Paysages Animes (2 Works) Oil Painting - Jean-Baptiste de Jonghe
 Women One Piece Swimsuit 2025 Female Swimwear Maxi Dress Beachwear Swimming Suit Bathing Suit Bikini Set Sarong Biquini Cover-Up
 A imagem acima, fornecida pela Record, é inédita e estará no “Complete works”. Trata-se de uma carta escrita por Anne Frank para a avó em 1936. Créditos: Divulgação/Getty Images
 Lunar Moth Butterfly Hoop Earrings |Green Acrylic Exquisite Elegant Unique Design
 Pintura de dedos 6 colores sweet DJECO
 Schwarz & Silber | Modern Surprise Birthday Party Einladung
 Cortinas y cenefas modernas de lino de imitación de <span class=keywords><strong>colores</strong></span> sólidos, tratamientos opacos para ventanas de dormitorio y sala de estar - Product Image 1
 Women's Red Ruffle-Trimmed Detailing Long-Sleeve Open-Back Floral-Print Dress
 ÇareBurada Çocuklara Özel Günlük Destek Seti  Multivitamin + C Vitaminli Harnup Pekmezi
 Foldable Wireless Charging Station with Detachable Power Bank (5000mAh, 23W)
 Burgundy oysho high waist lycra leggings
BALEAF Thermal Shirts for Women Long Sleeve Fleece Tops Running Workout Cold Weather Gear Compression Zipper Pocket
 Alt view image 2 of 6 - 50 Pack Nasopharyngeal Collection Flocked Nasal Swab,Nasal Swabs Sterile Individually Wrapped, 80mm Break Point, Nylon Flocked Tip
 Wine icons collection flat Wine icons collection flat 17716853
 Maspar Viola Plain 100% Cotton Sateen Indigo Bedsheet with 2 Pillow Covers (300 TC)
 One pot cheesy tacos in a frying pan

§ **Problem to work on**
Could you copy every line from the records that mentions the word "with"?

§ **Task result**
 Foldable Wireless Charging Station with Detachable Power Bank (5000mAh, 23W)
 Maspar Viola Plain 100% Cotton Sateen Indigo Bedsheet with 2 Pillow Covers (300 TC)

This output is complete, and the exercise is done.